We are asked to determine the acceleration of the bar’s mass center and the angular acceleration of the bar.

 
Step 2

The free-body diagram of the uniform rod is given below:

Here, $G$ represents the center of mass of the uniform rod.

 
Step 3

The moment of inertia of the slender uniform rod about its center of mass is given by,

\[{I_G} = \frac{{m{l^2}}}{{12}}\]

Here, $m$ is the mass of the uniform rod and $l$ is the length of the uniform rod.

On substituting the values in the above expression, we get,

\[\begin{array}{c} {I_G} = \frac{{60{\rm{ kg}} \times {{\left( {3{\rm{ m}}} \right)}^2}}}{{12}}\\ {I_G} = 45{\rm{ kg}} \cdot {{\rm{m}}^2} \end{array}\]
 
Step 4

At equilibrium condition, balancing all the forces acting on the rod about the vertical direction, we have,

\[\begin{array}{c} \sum {F_y} = 0\\ {F_2} - {F_1} = m{\left( {{a_G}} \right)_y} \end{array}\]

Here, ${\left( {{a_G}} \right)_y}$ represents the vertical acceleration of the center of mass of the bar.

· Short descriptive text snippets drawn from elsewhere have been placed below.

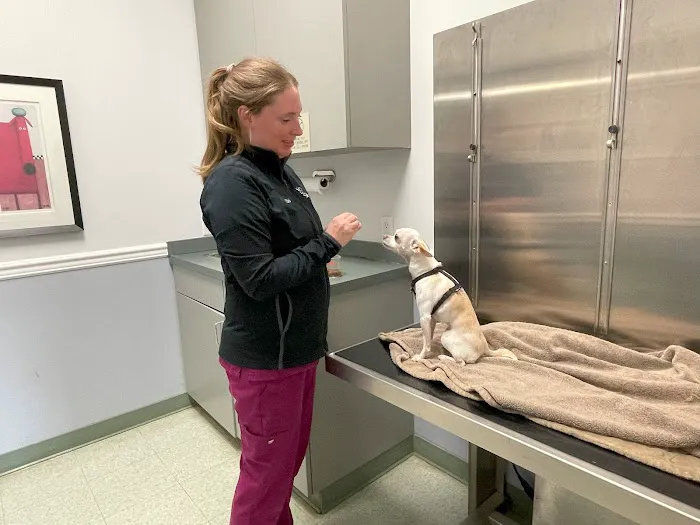 Animal Medical Centers of Loudoun - Ashburn Picture 7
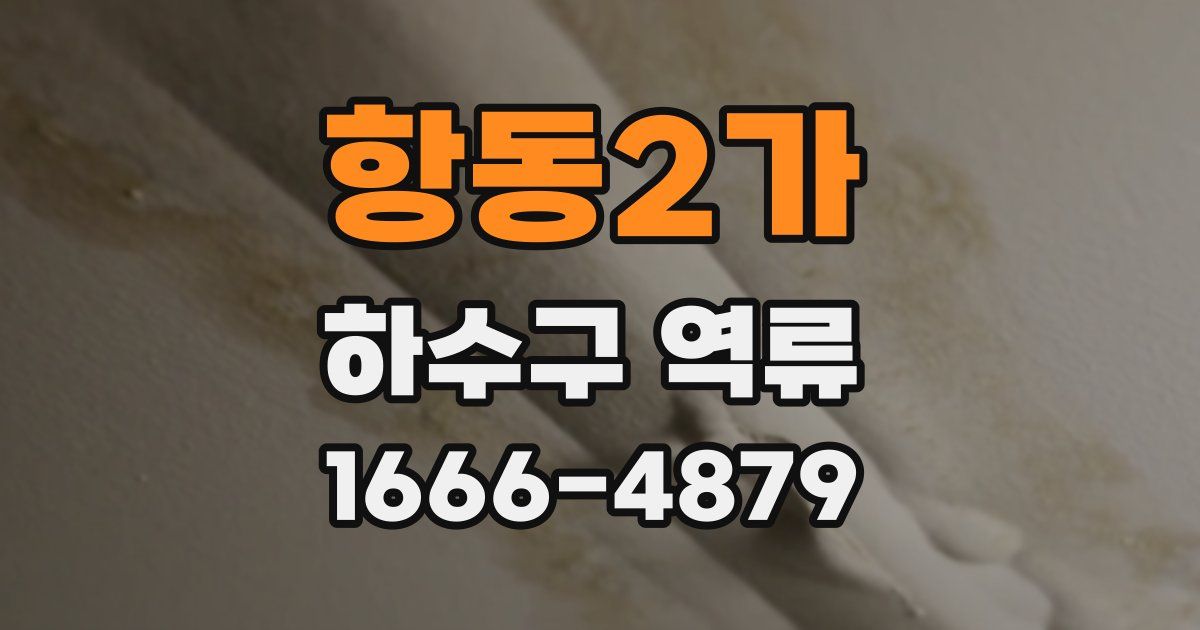 항동2가 하수구 역류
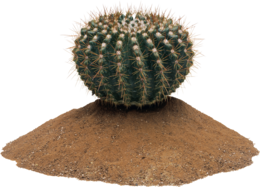 nature & Cactus free transparent png image.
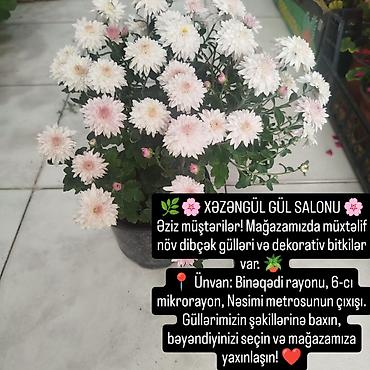 soltan daragi gulu: Xəzəngül Gül Salonu – dibçək gülləri və dekorativ bitkilər — 1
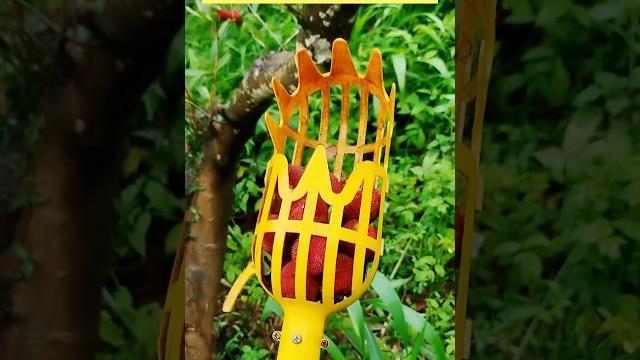 A special tool that makes picking fruit from high branches easy #farming #harvest #fruit A special tool that makes picking fruit from high branches easy #farming #harvest #fruit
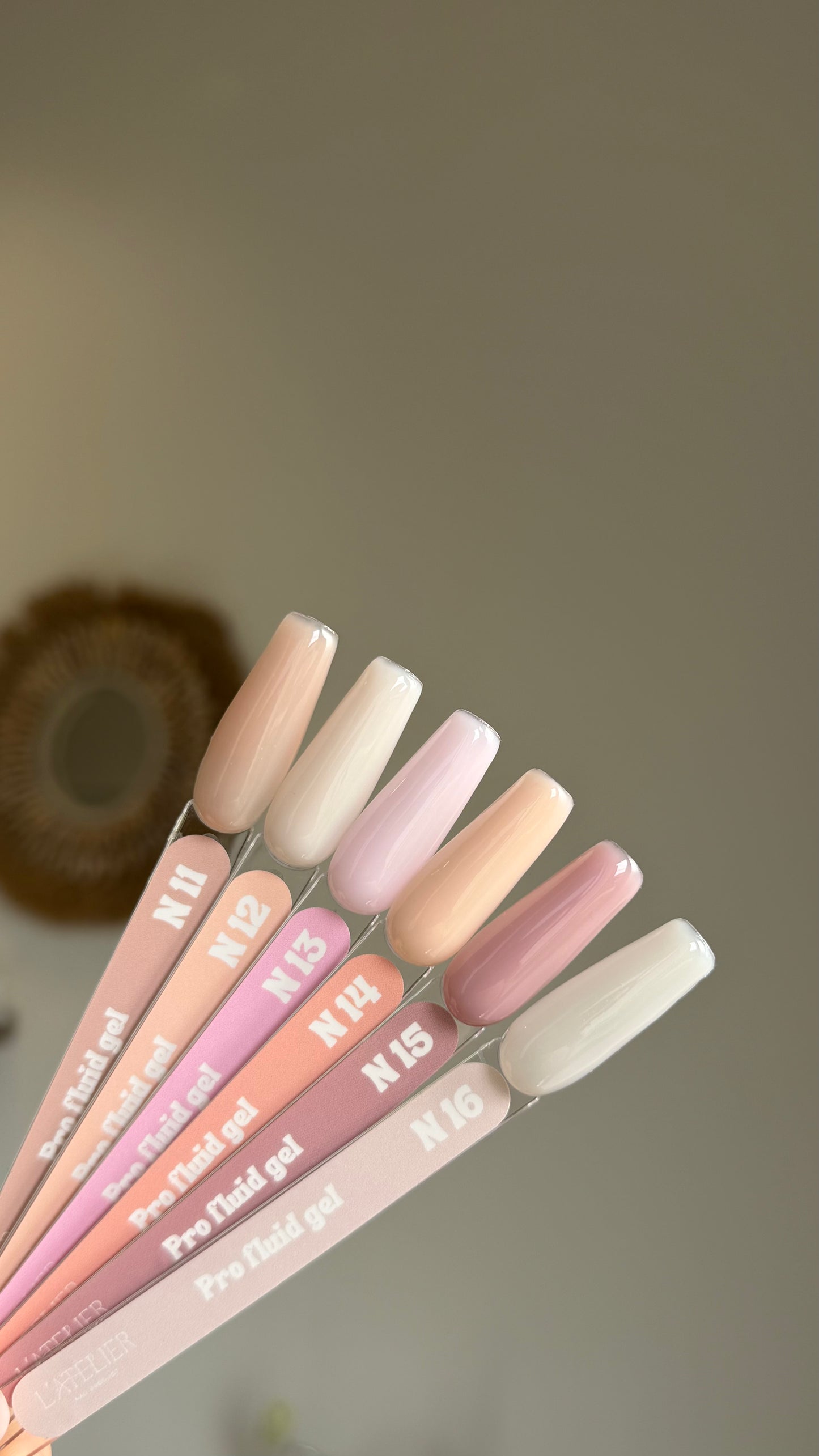 Women Collection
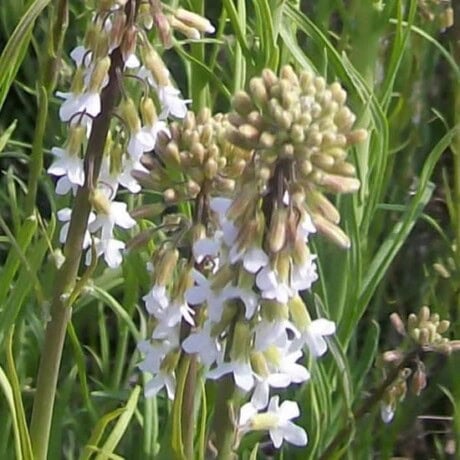 Holboell’s Rockcress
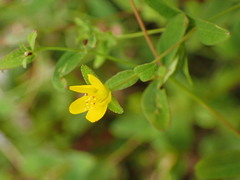 Hypericum taihezanense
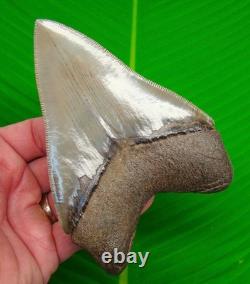 5.18 MEGALODON SHARK TOOTH Real Fossil NO RESTORATIONS GEORGIA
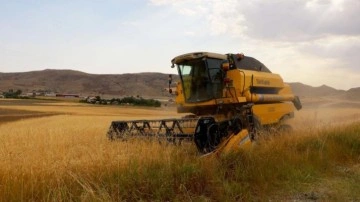 2.5 milyon dekar alanda ekildi, 800 bin ton ürün bekleniyor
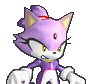 Blaze the Cat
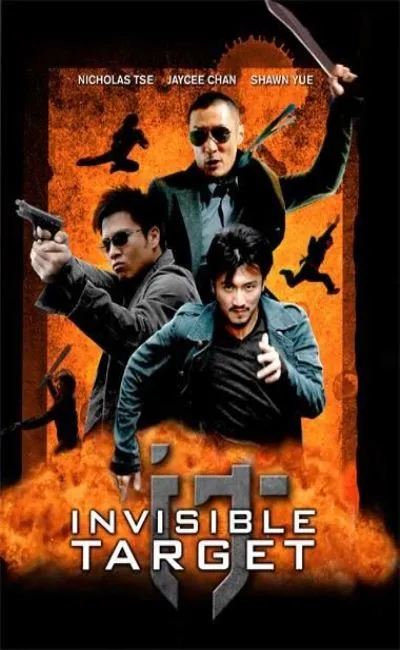 Invisible target (2008)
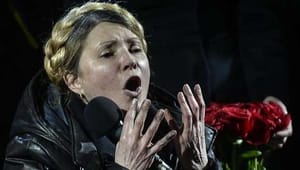 Ukraine: Parliament chief takes presidential power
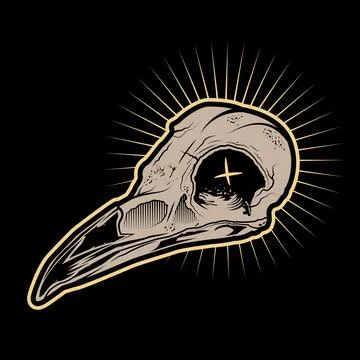 Raven skull illustration vector. Stock Illustration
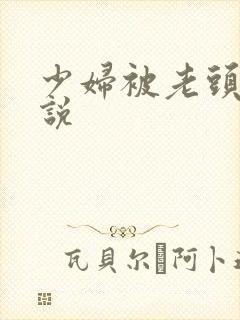 少妇被老头操小说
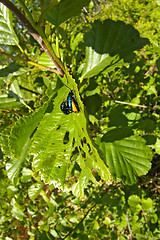 Image showing St. John's Wort beetle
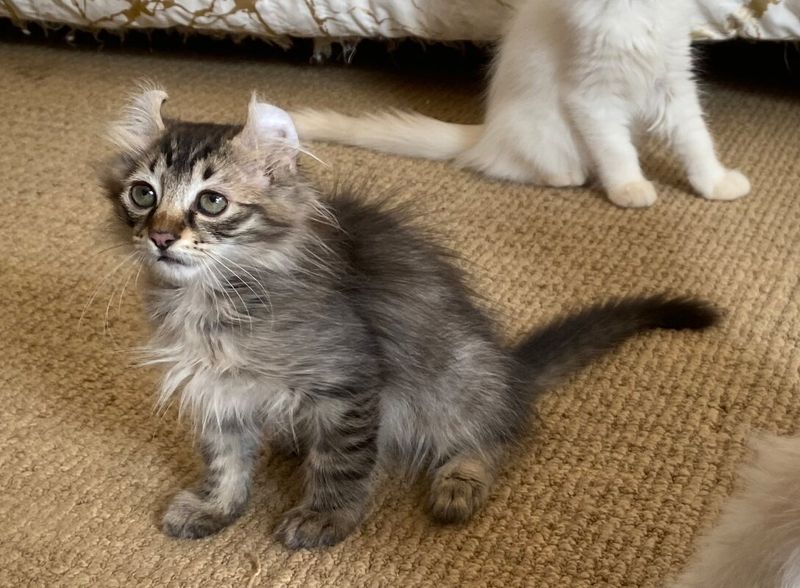 American Curl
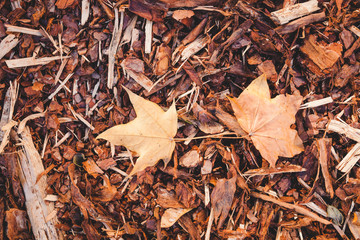 Bark mulch and autumn maple leaves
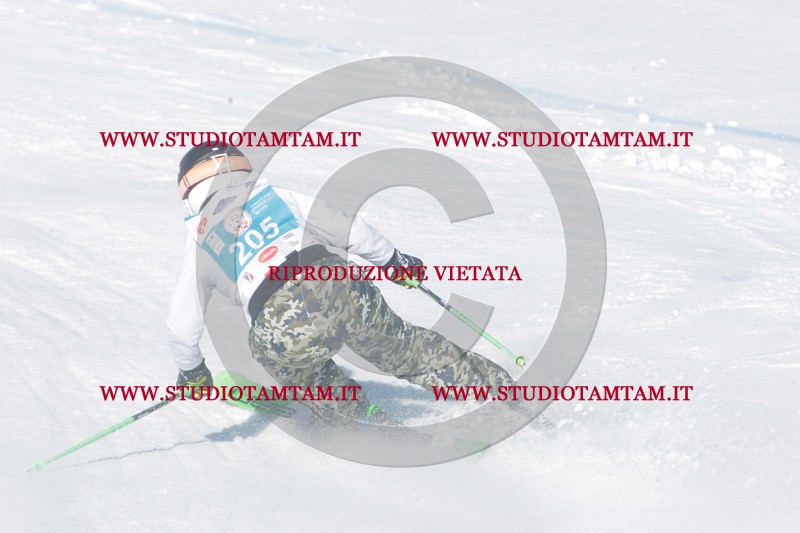 IMGB0791.JPG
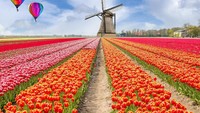 Keukenhof, Belanda. Waktu adalah segalanya, karena Taman Keukenhof ini hanya akan terlihat cantik dan hidup di antara pertengahan Maret hingga pertengahan Mei, ketika lebih dari 7 juta tulip, bakung, dan hyacinth bermekaran. Lokasinya ada di Stationsweg, Lisse, Belanda (Dok. Thinkstock)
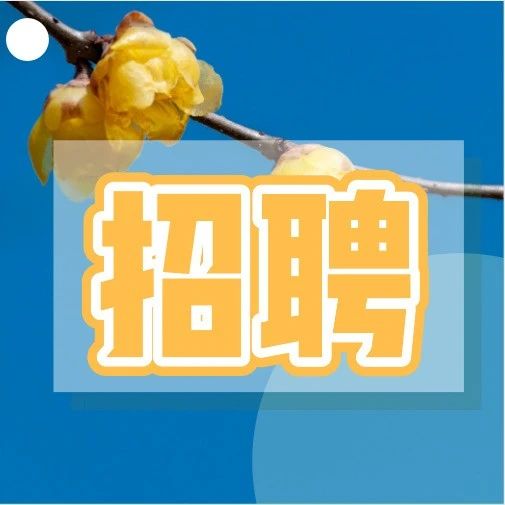 海量岗位！温江、巴南双城同招来了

On substituting the values in the above expression, we have,

\[\begin{array}{c} \left( {80{\rm{ N}}} \right) - \left( {20{\rm{ N}}} \right) = \left( {60{\rm{ kg}}} \right) \times {\left( {{a_G}} \right)_y}\\ {\left( {{a_G}} \right)_y} = 1{\rm{ m/}}{{\rm{s}}^2} \end{array}\]

At equilibrium condition, balancing all the forces acting on the rod about the horizontal direction, we have,

\[\begin{array}{c} \sum {F_x} = 0\\ 0 = m{\left( {{a_G}} \right)_x}\\ {\left( {{a_G}} \right)_x} = 0 \end{array}\]

Here, ${\left( {{a_G}} \right)_x}$ represents the horizontal acceleration of the center of mass of the bar.

 
Step 5

At equilibrium condition, taking moments about the center of mass of the uniform rod, we have,

\[{F_2} \times \left( {1{\rm{ m}}} \right) + {F_1} \times \left( {0.75{\rm{ m}}} \right) = {I_G}\alpha \]

On substituting the values in the above expression, we have,

\[\begin{array}{c} \left( {80{\rm{ N}}} \right) \times \left( {1{\rm{ m}}} \right) + \left( {20{\rm{ N}}} \right) \times \left( {0.75{\rm{ m}}} \right) = \left( {45{\rm{ kg}} \cdot {{\rm{m}}^2}} \right) \times \alpha \\ \left( {45{\rm{ kg}} \cdot {{\rm{m}}^2}} \right) \times \alpha = \left( {95{\rm{ N}} \cdot {\rm{m}}} \right)\\ \alpha = 2.11{\rm{ rad/}}{{\rm{s}}^2} \end{array}\]